Exercise goal: Look through the data below for the line with "A Street Prints" and the line with "OBX FITNESS, OMOIBOX, wood, wooden, dead", then transcribe exactly from the first through the second, leaving out all pictures.
Data extract below:
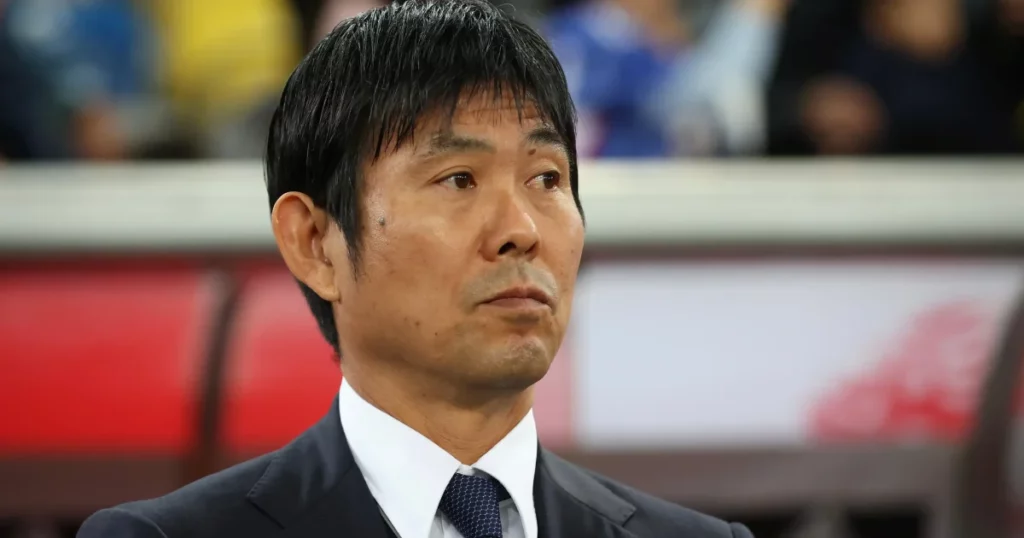 
Japan head coach Hajime Moriyasu.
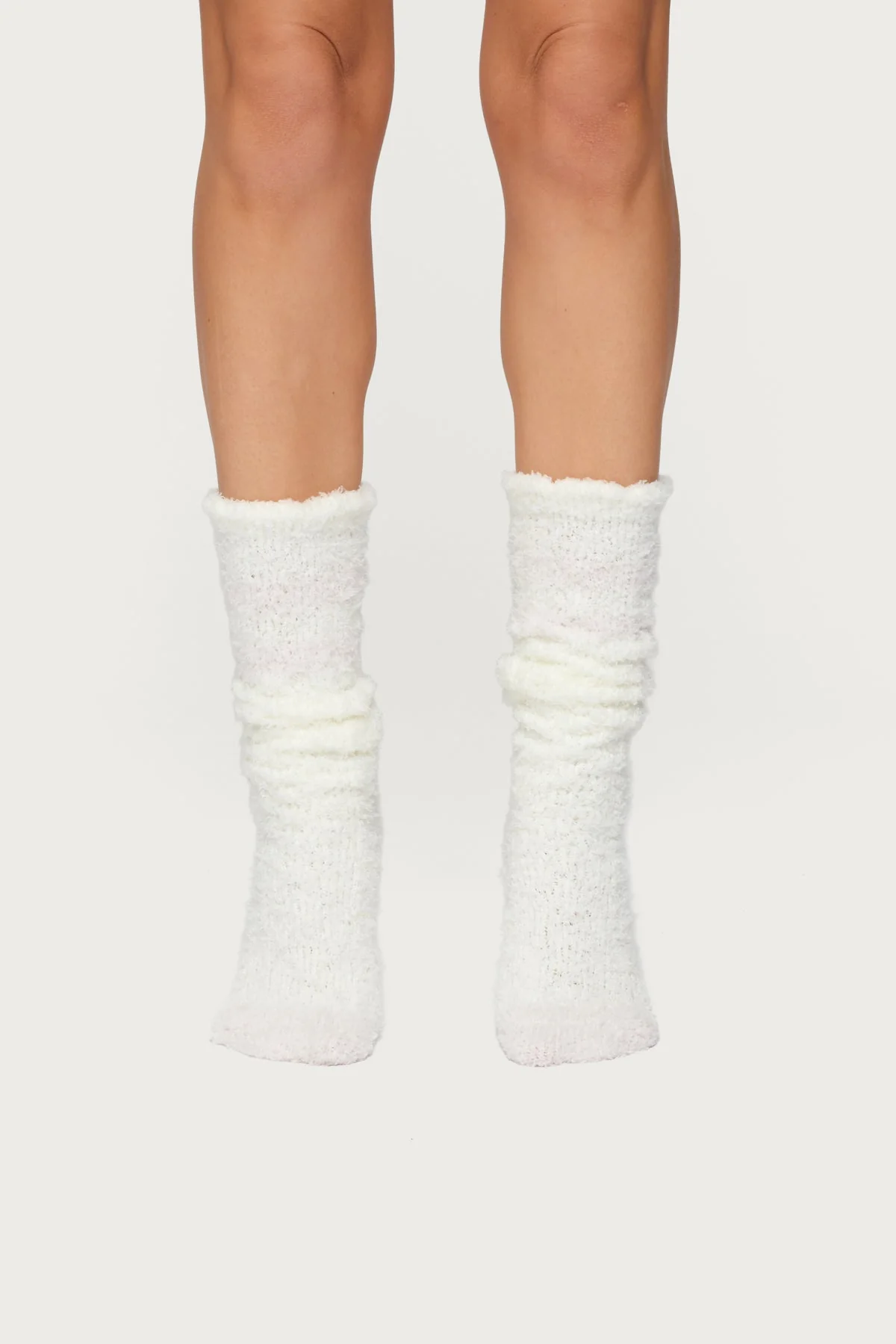 Stripey Fuzzy Scrunch Socks - Image 2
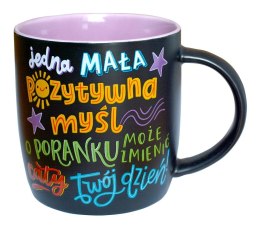 Kubek tablicowy Jedna mała pozytywna myśl TB-006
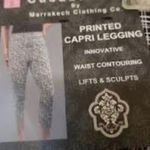 Casablanca by Marrakech Animal Print Capri Leggings Photo 2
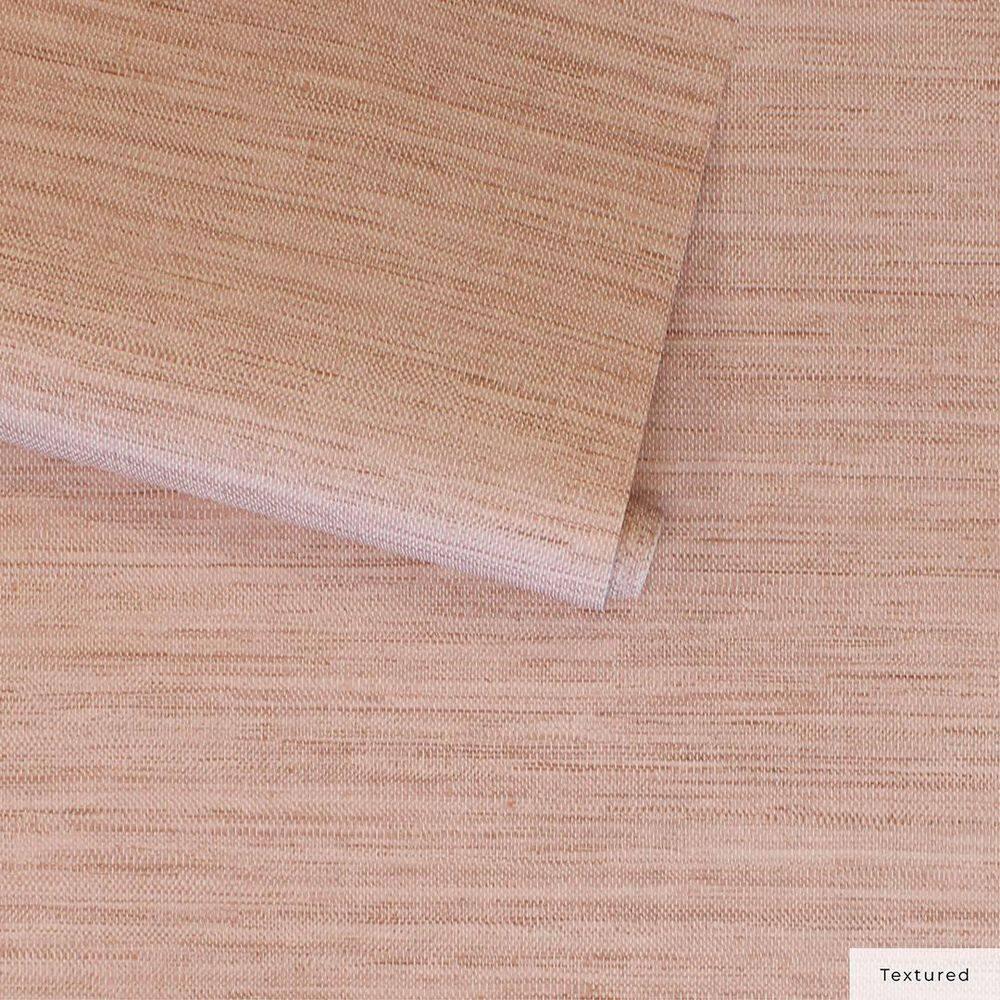 Tempaper & Co.® Fauz Horizontal Grasscloth Removable Peel and Stick Wallpaper, Textured Salmon, 28 sq. ft.: Vinyl, Prepasted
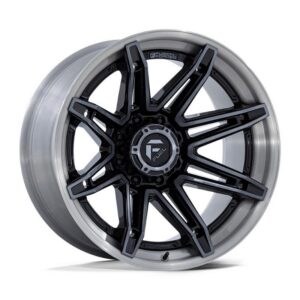 FC401 BRAWL GLOSS BLACK BRUSHED DARK TINT 12x24 8/170 ET-44 CB125,1 60°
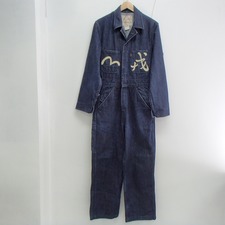 エヴィスのLot:1200 denim overall 戎 カモメ デニム オーバーオール ボトムスをブランド洋服買取の磐田店で買取致しました。状態は通常使用感があるお品物です。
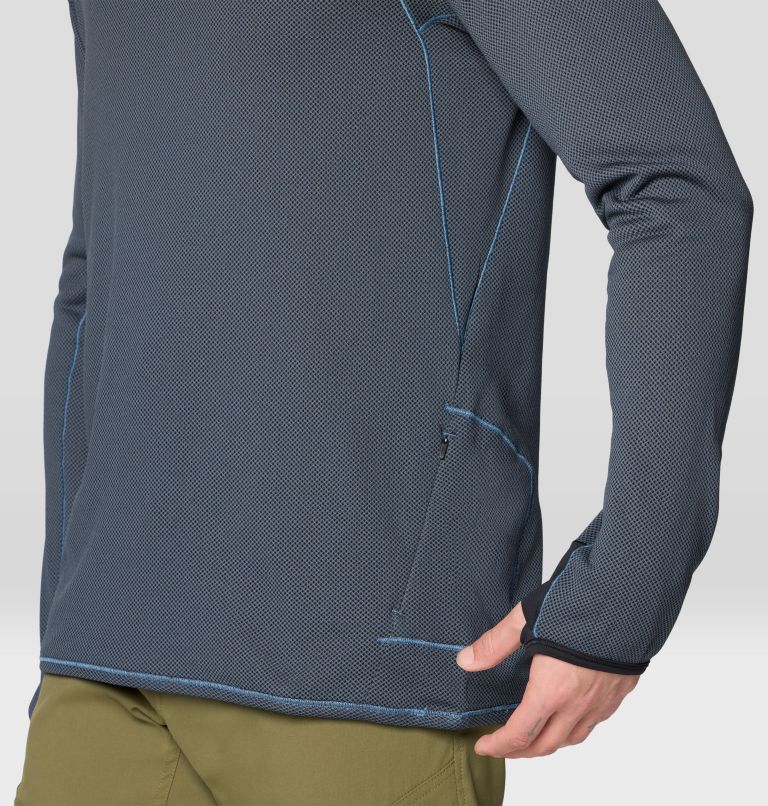 Men's Airmesh Long Sleeve, Color: Moon Blue, image 6
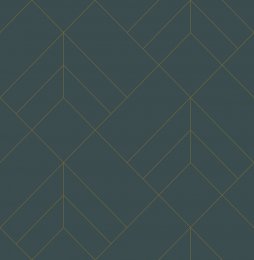 A Street Prints Sander Green & Gold Wallpaper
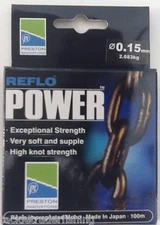 PRESTON INNOVATIONS REFLO POWER LINE - HOOK LENGTH MONO - 100M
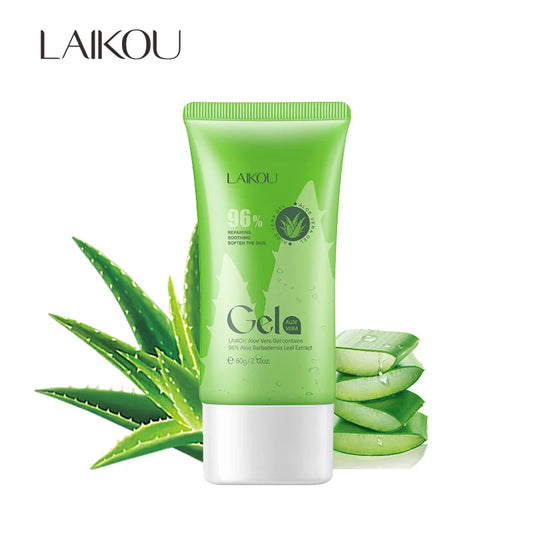 Laikou | 96% Aloe Vera gel | Repairing, Soothing & Softening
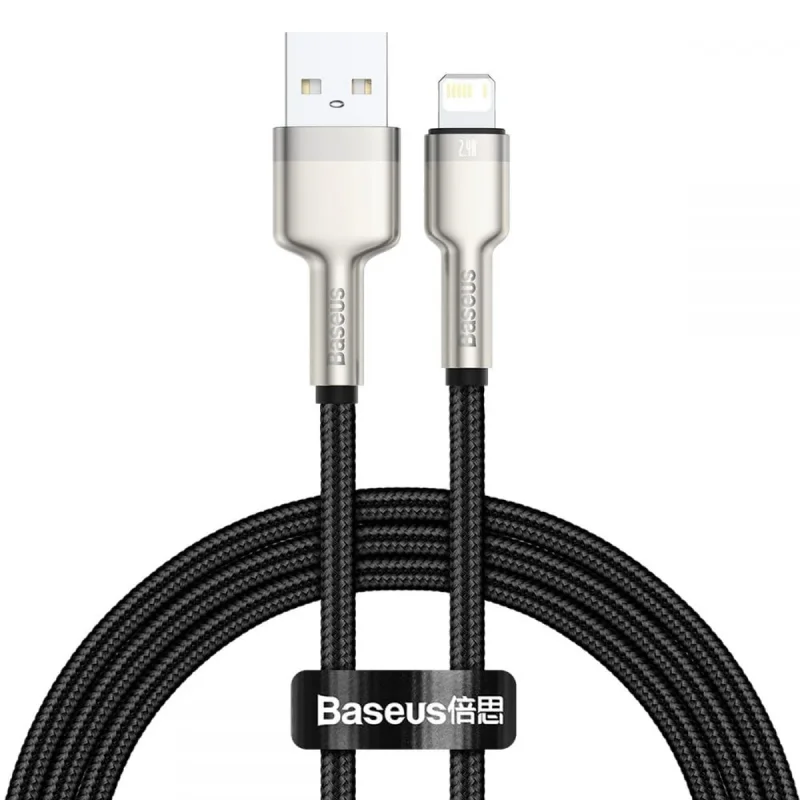 کابل تبدیل USB به لایتنینگ باسئوس مدل CALJK-A01 طول 1 متر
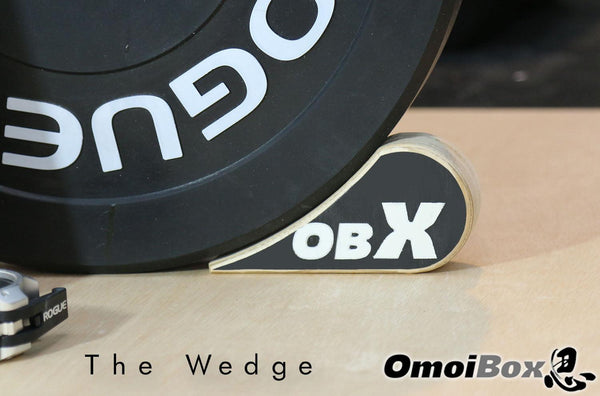 OBX FITNESS, OMOIBOX, wood, wooden, dead wedge, weightlifting, weights, powerlifting, plates, jack, gym, deadlifts, deadlift jack, bar, lift, squat, bumper plates, barbell’s, OBX Weight Plate Stop Wedge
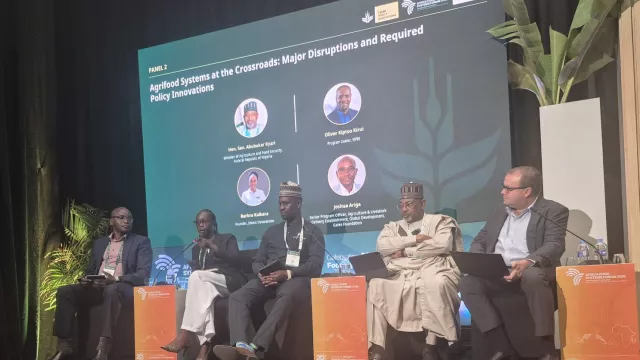 Panel 2: Agrifood Systems at the Crossroads: Major Disruptions and Required Policy Innovations. 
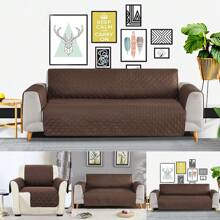 1/2/3 Seater Sofa Cover Couch Loveseat Slipcover Pet Dog Mat Furniture Protector - màu nâu - Xem 1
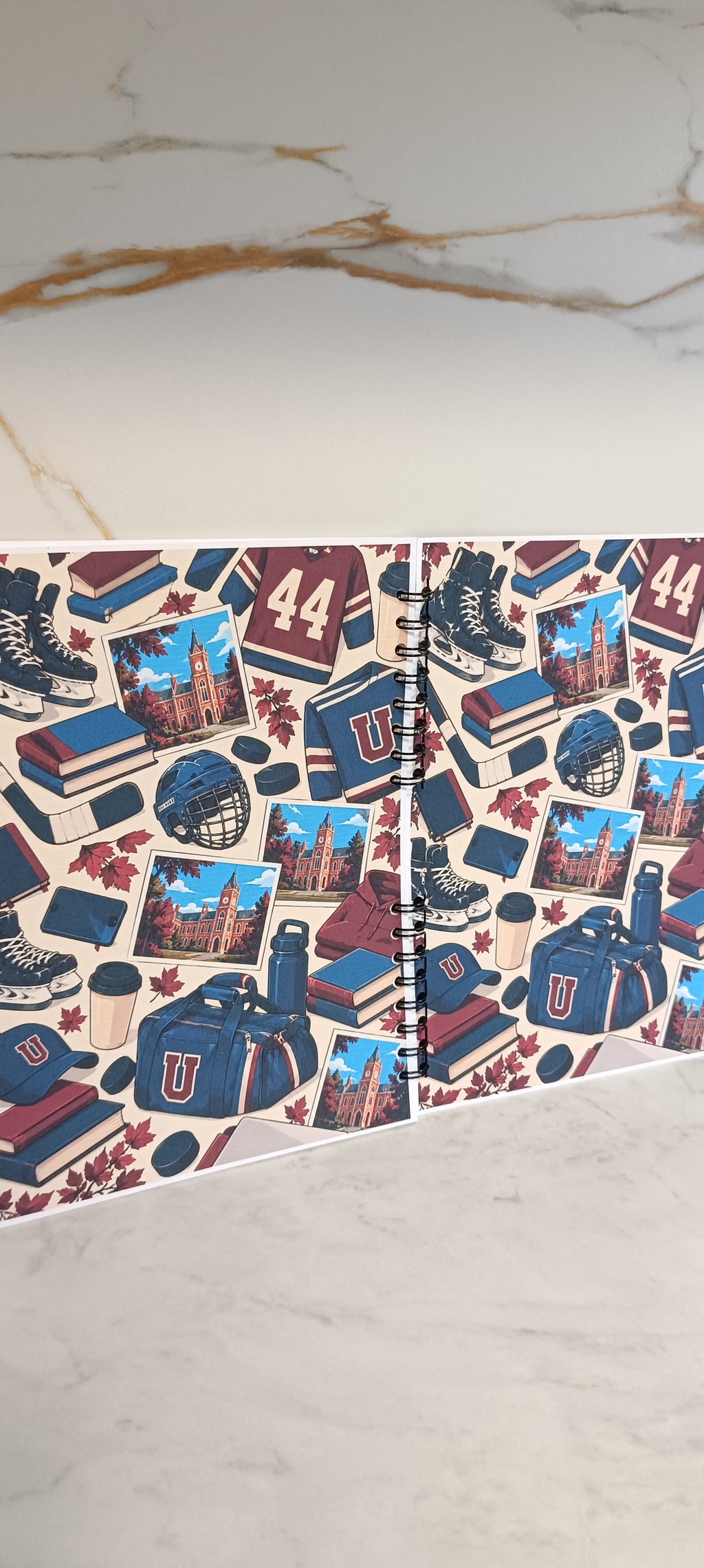 Off Campus – Kolorowanka po Numerach A4 - 30 Ilustracji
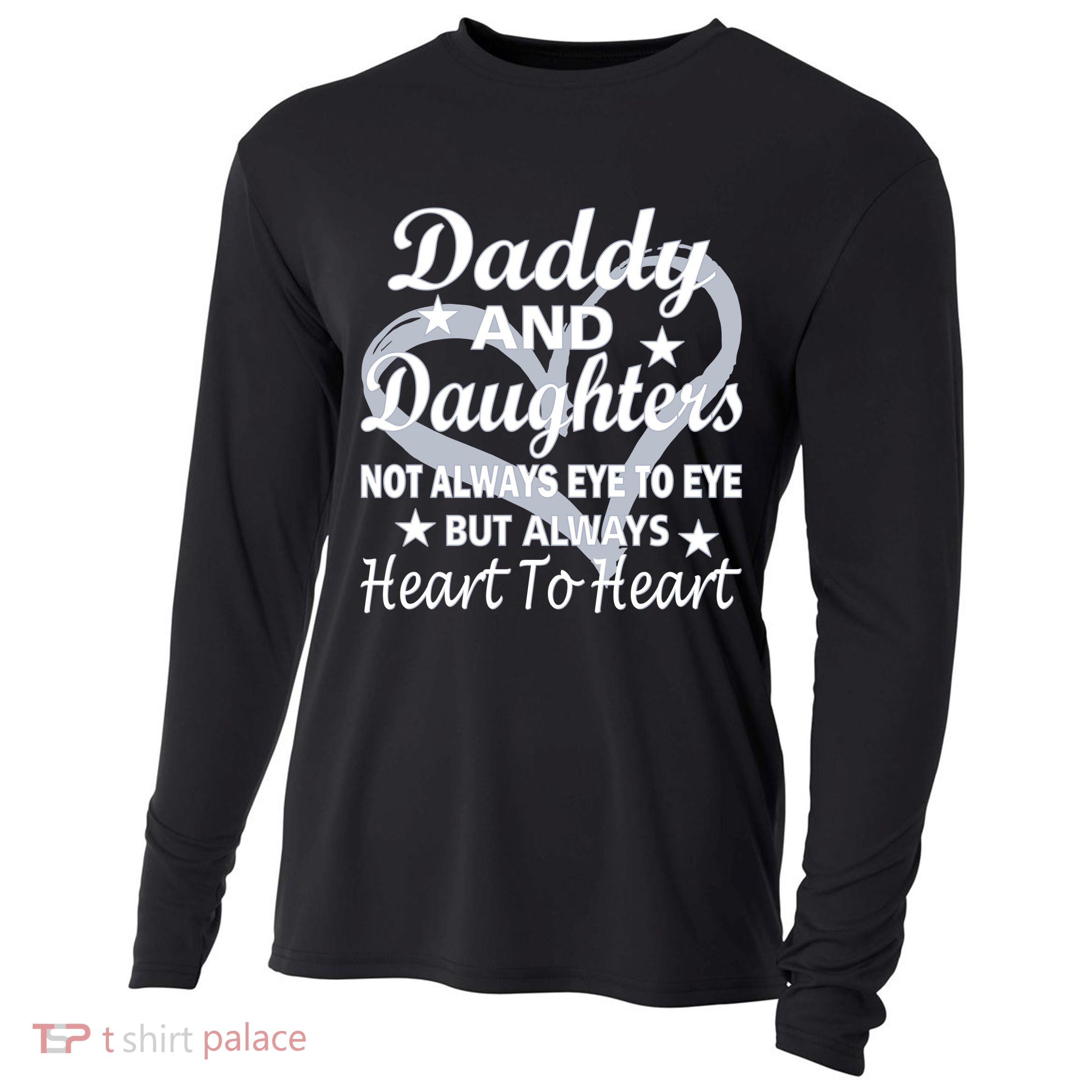 Daddy And Daughters Always Heart To Heart Cooling Performance Long Sleeve Crew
End of Data extract.
Task result:
 A Street Prints Sander Green & Gold Wallpaper
 PRESTON INNOVATIONS REFLO POWER LINE - HOOK LENGTH MONO - 100M
 Laikou | 96% Aloe Vera gel | Repairing, Soothing & Softening
 کابل تبدیل USB به لایتنینگ باسئوس مدل CALJK-A01 طول 1 متر
 OBX FITNESS, OMOIBOX, wood, wooden, dead wedge, weightlifting, weights, powerlifting, plates, jack, gym, deadlifts, deadlift jack, bar, lift, squat, bumper plates, barbell’s, OBX Weight Plate Stop Wedge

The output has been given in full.